Records from a collection:
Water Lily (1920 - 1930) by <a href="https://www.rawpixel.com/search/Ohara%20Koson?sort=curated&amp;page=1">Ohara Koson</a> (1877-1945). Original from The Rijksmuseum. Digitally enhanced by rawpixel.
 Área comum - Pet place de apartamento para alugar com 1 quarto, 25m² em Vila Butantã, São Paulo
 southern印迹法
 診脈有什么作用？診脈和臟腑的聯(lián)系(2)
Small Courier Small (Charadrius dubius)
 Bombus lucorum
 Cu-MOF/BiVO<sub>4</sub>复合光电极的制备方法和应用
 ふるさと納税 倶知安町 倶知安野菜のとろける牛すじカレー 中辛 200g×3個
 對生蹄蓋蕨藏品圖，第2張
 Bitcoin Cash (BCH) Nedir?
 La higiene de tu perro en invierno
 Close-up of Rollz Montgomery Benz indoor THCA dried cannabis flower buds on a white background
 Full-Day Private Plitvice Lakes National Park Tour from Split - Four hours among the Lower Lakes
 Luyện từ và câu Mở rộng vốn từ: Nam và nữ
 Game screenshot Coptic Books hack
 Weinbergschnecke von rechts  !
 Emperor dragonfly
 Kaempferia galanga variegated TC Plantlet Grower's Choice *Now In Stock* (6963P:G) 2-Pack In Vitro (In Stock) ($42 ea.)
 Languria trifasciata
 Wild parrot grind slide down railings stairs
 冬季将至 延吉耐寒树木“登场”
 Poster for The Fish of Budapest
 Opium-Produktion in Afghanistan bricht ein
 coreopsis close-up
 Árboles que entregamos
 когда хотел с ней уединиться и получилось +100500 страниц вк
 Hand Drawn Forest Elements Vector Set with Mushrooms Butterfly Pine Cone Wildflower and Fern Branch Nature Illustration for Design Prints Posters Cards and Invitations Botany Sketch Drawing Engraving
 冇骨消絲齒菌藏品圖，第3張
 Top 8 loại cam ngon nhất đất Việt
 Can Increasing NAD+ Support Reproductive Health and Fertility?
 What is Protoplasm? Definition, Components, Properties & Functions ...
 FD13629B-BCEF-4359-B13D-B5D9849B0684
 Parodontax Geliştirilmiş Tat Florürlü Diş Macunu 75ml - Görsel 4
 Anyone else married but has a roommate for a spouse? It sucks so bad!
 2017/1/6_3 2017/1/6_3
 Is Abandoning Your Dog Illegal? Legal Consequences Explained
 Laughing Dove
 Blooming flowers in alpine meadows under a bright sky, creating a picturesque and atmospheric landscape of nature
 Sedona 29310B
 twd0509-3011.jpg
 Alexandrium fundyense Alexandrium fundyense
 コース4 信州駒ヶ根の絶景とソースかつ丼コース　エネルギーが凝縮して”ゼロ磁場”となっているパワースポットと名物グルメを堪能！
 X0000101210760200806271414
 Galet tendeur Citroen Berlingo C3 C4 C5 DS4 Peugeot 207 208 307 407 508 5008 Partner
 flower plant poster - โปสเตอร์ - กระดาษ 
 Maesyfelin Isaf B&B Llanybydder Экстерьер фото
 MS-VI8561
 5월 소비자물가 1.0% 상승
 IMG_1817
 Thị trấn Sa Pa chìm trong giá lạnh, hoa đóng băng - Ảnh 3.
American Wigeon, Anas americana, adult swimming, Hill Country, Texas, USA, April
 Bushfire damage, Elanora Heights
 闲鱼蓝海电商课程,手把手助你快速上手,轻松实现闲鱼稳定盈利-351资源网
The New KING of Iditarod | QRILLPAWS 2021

* EXERCISE AIM: What you give back should be exactly the lines of the data above from the line with "Languria trifasciata" through the line with "American Wigeon, Anas", both of those included, and nothing more.

* ANSWER BOX:
 Languria trifasciata
 Wild parrot grind slide down railings stairs
 冬季将至 延吉耐寒树木“登场”
 Poster for The Fish of Budapest
 Opium-Produktion in Afghanistan bricht ein
 coreopsis close-up
 Árboles que entregamos
 когда хотел с ней уединиться и получилось +100500 страниц вк
 Hand Drawn Forest Elements Vector Set with Mushrooms Butterfly Pine Cone Wildflower and Fern Branch Nature Illustration for Design Prints Posters Cards and Invitations Botany Sketch Drawing Engraving
 冇骨消絲齒菌藏品圖，第3張
 Top 8 loại cam ngon nhất đất Việt
 Can Increasing NAD+ Support Reproductive Health and Fertility?
 What is Protoplasm? Definition, Components, Properties & Functions ...
 FD13629B-BCEF-4359-B13D-B5D9849B0684
 Parodontax Geliştirilmiş Tat Florürlü Diş Macunu 75ml - Görsel 4
 Anyone else married but has a roommate for a spouse? It sucks so bad!
 2017/1/6_3 2017/1/6_3
 Is Abandoning Your Dog Illegal? Legal Consequences Explained
 Laughing Dove
 Blooming flowers in alpine meadows under a bright sky, creating a picturesque and atmospheric landscape of nature
 Sedona 29310B
 twd0509-3011.jpg
 Alexandrium fundyense Alexandrium fundyense
 コース4 信州駒ヶ根の絶景とソースかつ丼コース　エネルギーが凝縮して”ゼロ磁場”となっているパワースポットと名物グルメを堪能！
 X0000101210760200806271414
 Galet tendeur Citroen Berlingo C3 C4 C5 DS4 Peugeot 207 208 307 407 508 5008 Partner
 flower plant poster - โปสเตอร์ - กระดาษ 
 Maesyfelin Isaf B&B Llanybydder Экстерьер фото
 MS-VI8561
 5월 소비자물가 1.0% 상승
 IMG_1817
 Thị trấn Sa Pa chìm trong giá lạnh, hoa đóng băng - Ảnh 3.
American Wigeon, Anas americana, adult swimming, Hill Country, Texas, USA, April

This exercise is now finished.